Developer Tools

trunk/877ba3c498e471b4a3199943e3febfaf9f7cb77f: [dynamo] Fix tensorify recompiles for method-form SymFloat ops (#179395)

PyTorch patch stops recompilations on every new scalar value with backed float inputs

Deep Dive

PyTorch has merged a fix to address a common recompilation headache in its dynamo JIT compiler. The issue (tracked as #169634) occurred when backed float inputs—scalars that call into Python that PyTorch tracks symbols for—were not fully tensorified during the joint FX pass. Two patterns were left behind: method-form in-place tensor ops like `Tensor.mul_()` and `Tensor.div_()`, and composite SymFloat expressions built from Python operators such as `0.5 * lr` or `beta2 ** 0.5`. When the later specialization sweep encountered these untouched patterns, it concluded that the backed floats had not been tensorified, restarting analysis with those values specialized. That meant every new scalar value triggered a costly recompile, breaking the usual dynamic shape optimizations.

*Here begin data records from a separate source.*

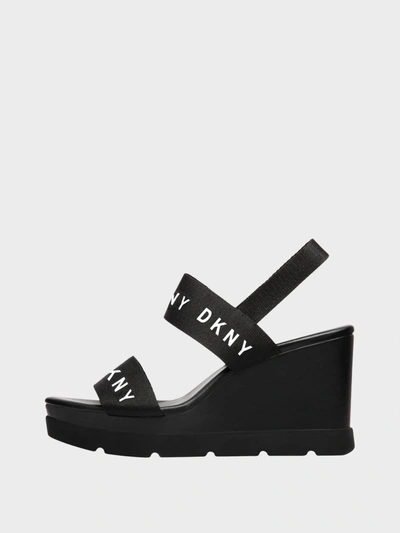 Shop Donna Karan Cati Logo Wedge Sandal In Black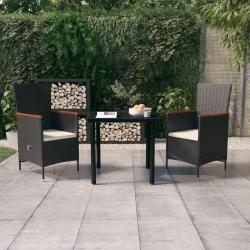 Ensemble à manger de jardin avec coussins 3 pcs noir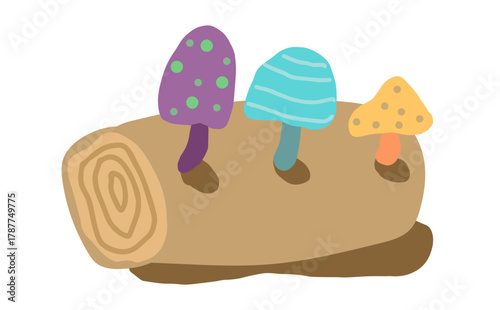 カラフルなきのこが木に付いているイラスト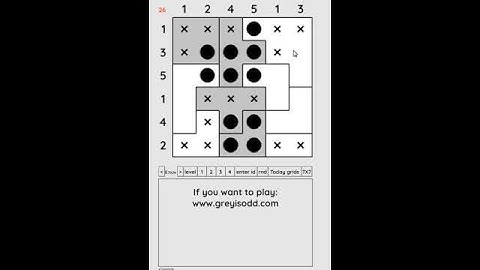 Grey is Odd - Today grids. Solution level 1 6X6 dated 06-17-2024 #logicpuzzles #logicgames  #games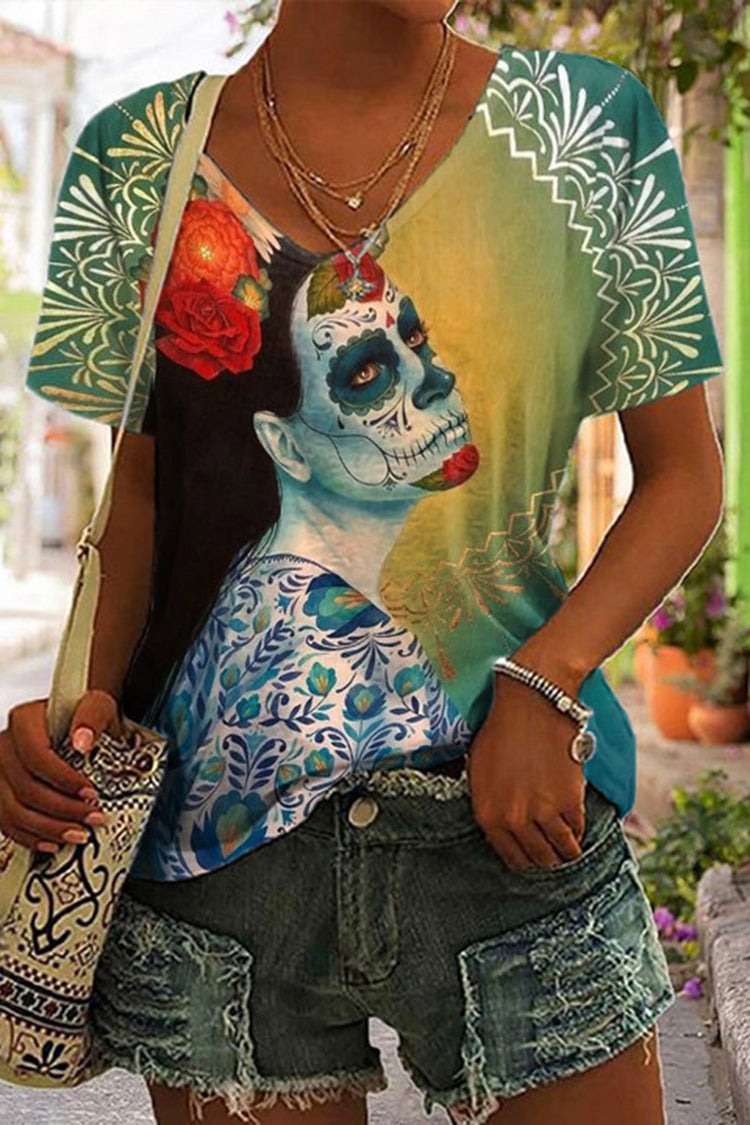 Queen of the Dead Print Short Sleeve T-Shirt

The proposed fix—authored by @bobrenjc93 and approved by @laithsakka—teaches `tensorify_python_scalars` to handle these cases directly. It now recognizes method-form ops and maps them to their corresponding in-place ATen overloads (e.g., `mul_` → `aten.mul_.Tensor`), preserving optimizer-style mutation without inserting an extra `copy_` node. It also detects composite SymFloat expressions built from Python operators and records the underlying backed float symbols, not just the composite expression node, when tensorification succeeds. This keeps backed floats dynamic until the joint FX pass can lower them into tensor compute, avoiding the specialization trap. The result: stable compiled optimizer kernel counts and no more recompiles on every new scalar value in training loops.

Key Points
  • Fix targets backed float inputs that caused recompiles on every new scalar value (issue #169634).
  • Extends tensorification to method-form ops (mul_, add_, sub_, div_) and composite SymFloat expressions from Python operators.
  • Uses in-place ATen overloads to avoid extra copy_ nodes, keeping compiled optimizer kernel counts stable.

Why It Matters

ML engineers get faster training loops with fewer recompiles, especially when using dynamic shapes and optimizer scalars.